Нервно поджав губы, я медленно отползла назад, а видя, что такие мои передвижения забавляют миранца, я сдвинулась еще дальше. В итоге я чуть не забралась к Демьяну на колени. Тот же обхватив меня за талию, сильно притиснул к своей груди:

— Я предупредил тебя, – зашипел он над моим ухом, – увижу твоё неуместное внимание к этой женщине - разговоры будем по иному вести.

— Хм, – кошак чуть дёрнул мохнатыми ушами, – я учту это.

Вот после этого он, взвалив на плечо легкую сумку, грациозно двинулся на выход.

— Чтобы я этого ушастого рядом с тобой не видел, – зло процедил Демьян, – поняла?

От такого заявления я слегка опешила. Нет, я и сама конечно не желаю видеть эту наглую нечеловеческую рожу рядом с собой, но это не значит, что теперь все могут мною распоряжаться и диктовать мне, что делать и как быть. Но возмутиться я не успела.
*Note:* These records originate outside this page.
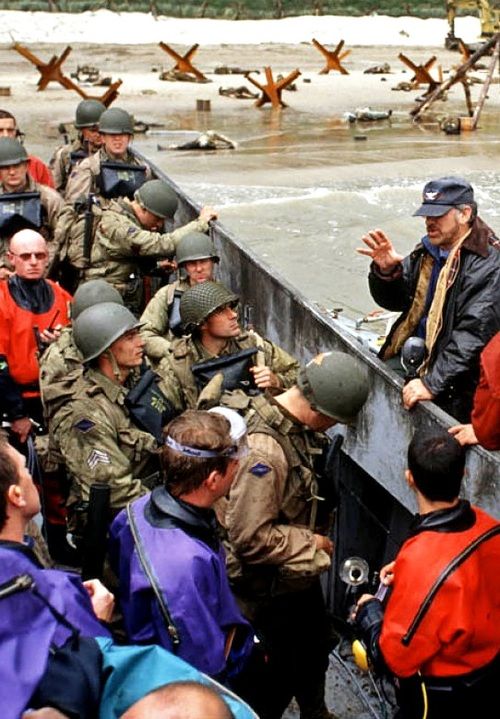 Spielberg on the set of Saving Private Ryan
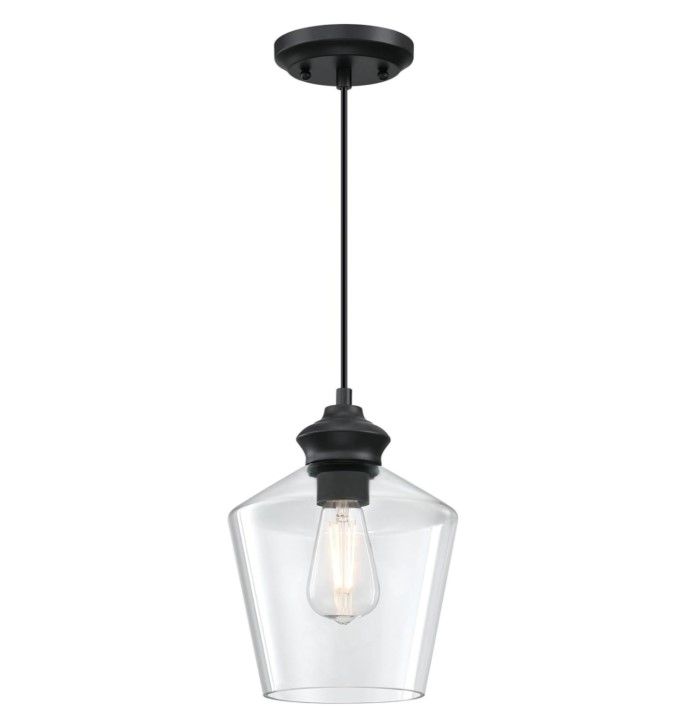Indoor Mini Pendant light, Matte Black Finish with Clear Glass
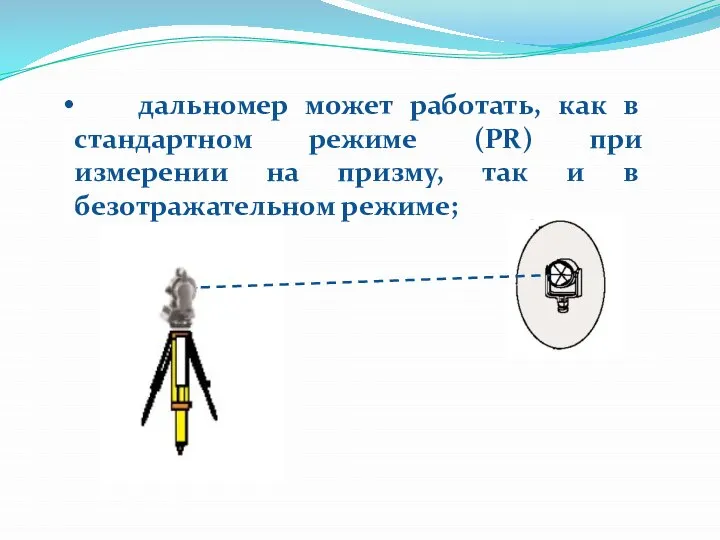 дальномер может работать, как в стандартном режиме (PR) при измерении на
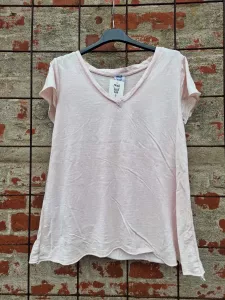 T-Shirt V-ringad, Old Pink Ljusrosa (Milla) - Stajl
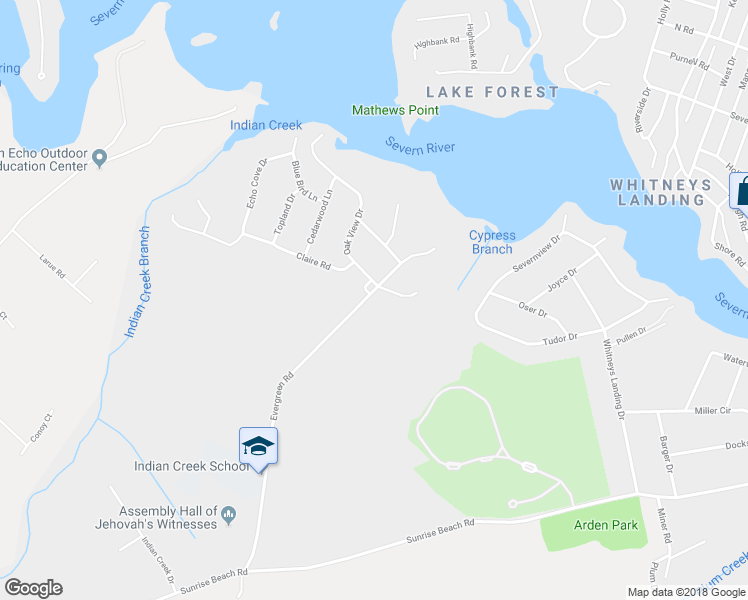 map of restaurants, bars, coffee shops, grocery stores, and more near 629 Evergreen Road in Crownsville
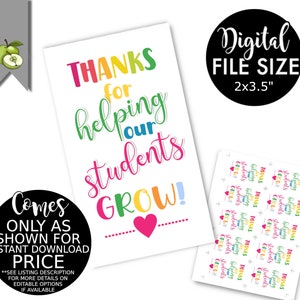 Thanks for helping our students grow gift tags, printable, Teacher PTO PTA gift, end of year, Teacher gift tag, gift tag, Printable DOWNLOAD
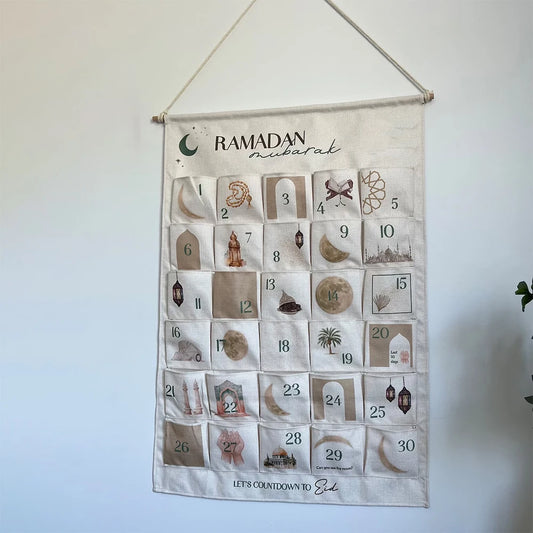 Ramadan Mubarak Countdown Advent Calendar bag Kareem Muslim Islamic eid Wall home door decoration sign family children kid gift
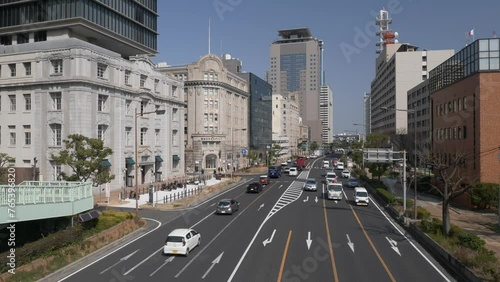 神戸海岸通 外国人居留地の国道2号線 (タイムラプス・クイックモーション)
Марионер, сжав мое тельце так, что, кажется, ребра хрустнули, снова спросил:

— Ты поняла меня, Анита?

— Не приказывай мне, - только и смогла пропищать я.

— Я не приказываю, а спрашиваю. Ты хоть знаешь, кто он?

— Миранец, – выдохнула я. – Мне немного больно, Демьян. Вы слишком сильно сжали.

— Не вы, а ты, – рука мужчины чуть ослабла, и я смогла нормально вздохнуть. – Миранцы опасны, Анита. Особенно для таких девочек как ты. Ведь ты не хочешь оказаться в его гареме?

— Гареме? - удивленно переспросила я.

— Да, миранцы живут большими праидами: один мужчина и до десяти женщин. При этом они, ну очень, любят собирать самок разных рас. Держись от него подальше, и не провоцируй. Если он решит сделать тебя своей, то остановить его можно будет только физической расправой. А мне привлекать к себе лишнее внимание не хочется. Я свое отсидел, возвращаться в колонию из-за всякого несущественного отребья не собираюсь..

Я в очередной раз ощутила себя несмышленым ребенком. Как многого, оказывается, я не знаю. Я вообще никогда не интересовалась иными расами. С трудом могла отличить лишь тех, чьи системы были ближайшими от нас, ну и еще может те расы, что сильно отличались от нас физиологически, например, миранцев. Все остальные жители вселенной оставались для меня тайной. И вот, сейчас я остро ощутила нехватку знаний.

Недолго думая, я полезла в свой рюкзак. После досмотра я бросила вещи кое-как, и сейчас в сумке царил бардак.

— И что ты там ищешь? – поинтересовался Демьян, рассматривая одну из фоторамок.

— Свой планшет, — буркнула я, вытряхивая все свое имущество на кровать перед собой, — он должен быть где-то здесь.

Заметив, наконец, пропажу я радостно воскликнула:

— Вот он, у меня там много книг. Должны быть и энциклопедии. Я ничего вообще не знаю об иных расах. Буду, пока летим, восполнять пробелы в знаниях.

Взглянув на Демьяна, я невольно дернулась вперед и попыталась отобрать у него свою вещь. В руках он держал не просто фоторамку, а именно ту, на которую мама размещала мои фото из больниц и реабилитационных центров. На них вся история моей болезни и выздоровления. Там я такая, какой не хочу себя помнить, и тем более, вообще показывать эти фото посторонним.

— Верните, пожалуйста, – я несильно дернула пластиковый корпус фоторамки на себя. Мои руки тут же перехватили, а меня прижали к огромной мускулистой груди.

— Ты была премилой девочкой.

— Верни ее, — там не на что смотреть, — закусив нижнюю губу, попыталась освободить руки из захвата.

— Не дергайся, маленькая земляночка. Я посмотрю и отдам.

Я затихла, внимательно наблюдая за его реакцией на эти снимки. Я-то ведь знаю, как выгляжу там. Маленькая тощая девочка с потерянным взглядом в никуда. Часто с опухшими глазами, потому как фотографироваться я не любила никогда. Рядом неизменные врачи, куча развивающих игрушек и пазлов. Мама делала фото и в те моменты, когда я проходила курсы медикаментозного лечения и иглоукалывания, когда собирала пазлы и просто играла в присутствии психиатров. В общем, не фотоальбом, а медкарта с подробным отчетом.